But despite endless opportunities to do so, he would not deny that Bill Shorten’s 50 per cent renewable energy target would lead to higher electricity prices.

Now is the time to debunk Labor’s myth-making and expose the true cost that its energy policies will have on Australian households and businesses.

 Myth 1: Power prices will be cheaper under Labor.

No one can believe this. Electricity prices in Labor’s last six years in office grew by more than 100 per cent, faster than any other OECD nation. Today Labor has adopted a trifecta of policies sure to do the same.

The combination of a 50 per cent RET, an emissions intensity scheme and the forced closure of Australia’s 24 coal-fired power stations — all Labor policies — will create a perfect storm that will hit energy prices, security and the country’s competitiveness.

Researchers at Bloomberg New Energy Finance have costed the Opposition Leader’s RET at $48 billion — that is more than $5000 a household.

The Australian Energy Market Commission has found that the RET “has the highest cost of abatement” of the options it considered. As the RET applies only to renewable technology, it “does not reward switching from high emission fuels to those with lower emissions” such as supercritical coal and gas.

Despite being opposed by the AEMC, Australian Energy Council, Grattan Institute, Business Council of Australia and others, Labor joined with the Greens to encourage the forced closure of coal-fired power in Australia, which provides more than 60 per cent of our electricity needs.

This method, the AEMC said, could cost consumers up to $24bn.

If the announced closure of Hazelwood is anything to go by, where Victorian households will pay up to $135 more this year for their power bills, then this Labor policy further exposes this myth.

In addition to their RET and forced closure policies, Labor wants us to believe that their commitment to an emissions intensity scheme will not affect prices. But last time they promised a trading scheme we ended up with a $15bn carbon tax. Why would this time be any different?

 Myth 2: “Renewable energy has nothing to do with the problem” in South Australia, it “is ­really a product of the gas market”.

This is disingenuous in the extreme as the only reason gas is increasingly setting the price of electricity is because wind and solar in South Australia forced the closure of coal.

It is no coincidence that with the highest penetration of wind and solar in the country, providing more than 40 per cent of its electricity, South Australia has the highest power prices in the national electricity market, 62 per cent above the average, and the highest rate of disconnections.

Unfortunately it is the low-income households in South Australia that are bearing the greatest burden as Labor’s “big experiment” — that’s what South Australian Premier Jay Weatherill calls it — goes wrong. According to the Australian Energy Regulator, a low-income household in South Australia spends 5.2 per cent of its disposable income on the electricity bill.

That’s almost double that of a middle-income household and five times that of a high income household earning more than $160,000.

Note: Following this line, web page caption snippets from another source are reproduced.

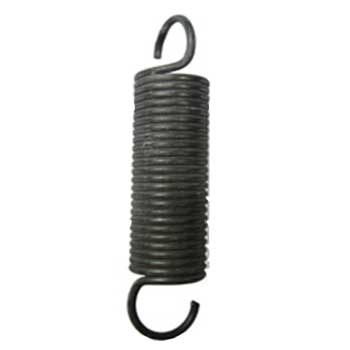 Spring Extension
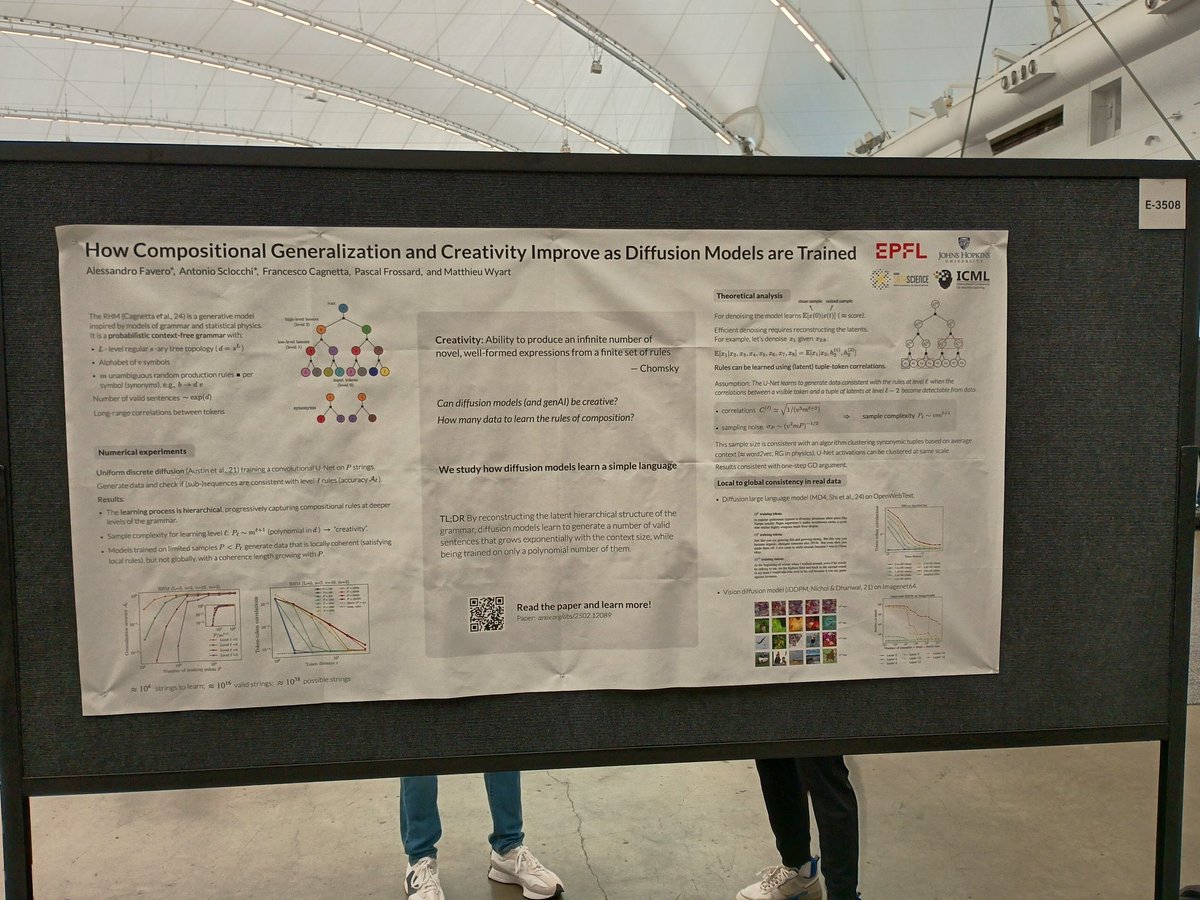 Starting now, east hall 3508 <a href="/icmlconf/">ICML Conference</a>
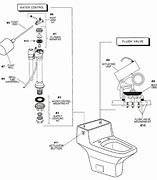 Image result for American Standard Parts for Toilets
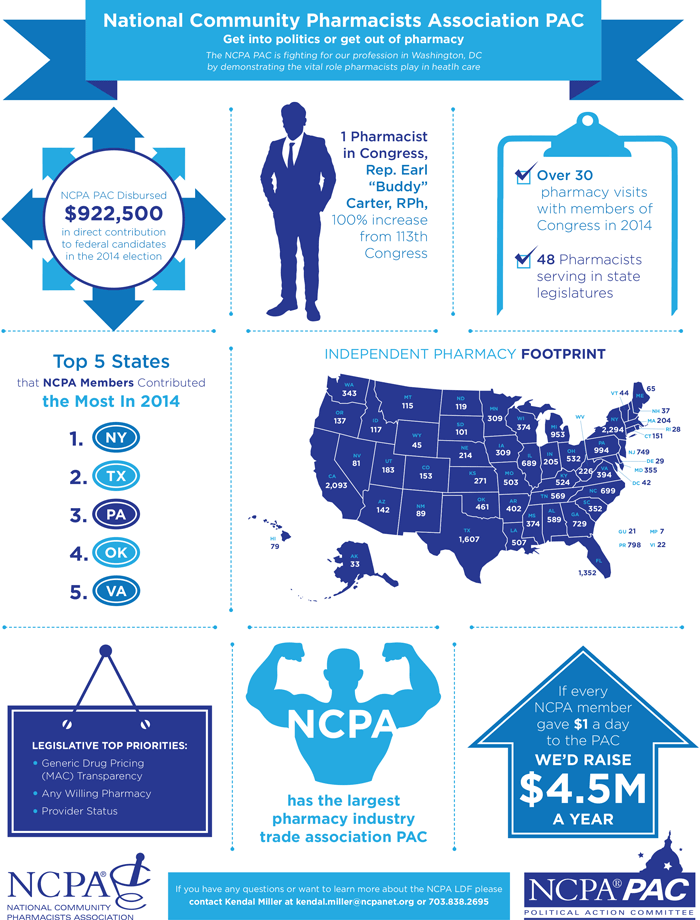 NCPA PAC infographic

While it’s true we need to strengthen our gas market, it would be better for Butler to convince his Labor colleagues in Victoria and the Northern Territory to lift their moratoriums.

In the Northern Territory alone, there are estimated unconventional gas reserves so large that they could meet our nation’s domestic gas needs for up to 180 years.

 Myth 3: Without a 50 per cent RET, “we will simply not be able to achieve the commitments we made … at the Paris conference”.

Much to Labor’s chagrin, the Coalition has proved this wrong. Numbers released last month show the Coalition is on track to beat its 2020 target by 224 million tonnes, a 187 per cent improvement on previous projections. This is in stark contrast to the projections when Labor was previously in office, which showed it missing the target by 755 million tonnes.

When it comes to the 2030 target, the numbers also show an improvement in our position by almost one billion tonnes due in part to energy efficiency and better land and agriculture outcomes.

Technology will be key to meeting our targets, among them carbon capture and storage, batteries, smart meters, more energy-efficient buildings and appliances. That is why the government is devoting significant resources to these areas.

 Myth 4: Labor’s renewable energy target will create more jobs than it will lose.

Most recent Australian Bur­eau of Statistics data shows only 14,000 full-time direct employees in renewable energy activities, more than half of them in the rooftop solar industry.

But the almost one million employees in Australia’s manufacturing sector, among them food processing, aluminium, steel and cement, are feeling the pain of higher electricity prices, a serious threat to jobs and investment.

Butler claims Labor will create 28,000 jobs in renewables. We haven’t seen the details, but if this claim was accepted, it equates to about $1.7 million per job under Shorten’s $48bn RET.

 Myth 5: “Countries like China are already starting to wind back their coal-fired generation.”

According to the International Energy Agency, this is simply not true. In its 2016 World Energy Outlook, the IEA said “coal remains the backbone of the electricity system in China” and “coal use in China has not peaked yet”. China’s 13th five-year plan will add coal-fired capacity equivalent to more than 100 Hazelwoods.

Meanwhile, India’s coal-fired fleet is projected by the IEA to increase 136 per cent to 2040. The equivalent of 30 Hazelwoods is under construction now.

It’s time Labor’s myths were exposed and the party came clean on the true cost to consumers of its energy policy, which is threatening jobs and investment and punishing households.

In contrast, the Coalition is adopting a more measured way to transition to a lower emissions future while implementing reforms to the gas market and electricity system that maintain energy security and affordability as our fundamental priorities.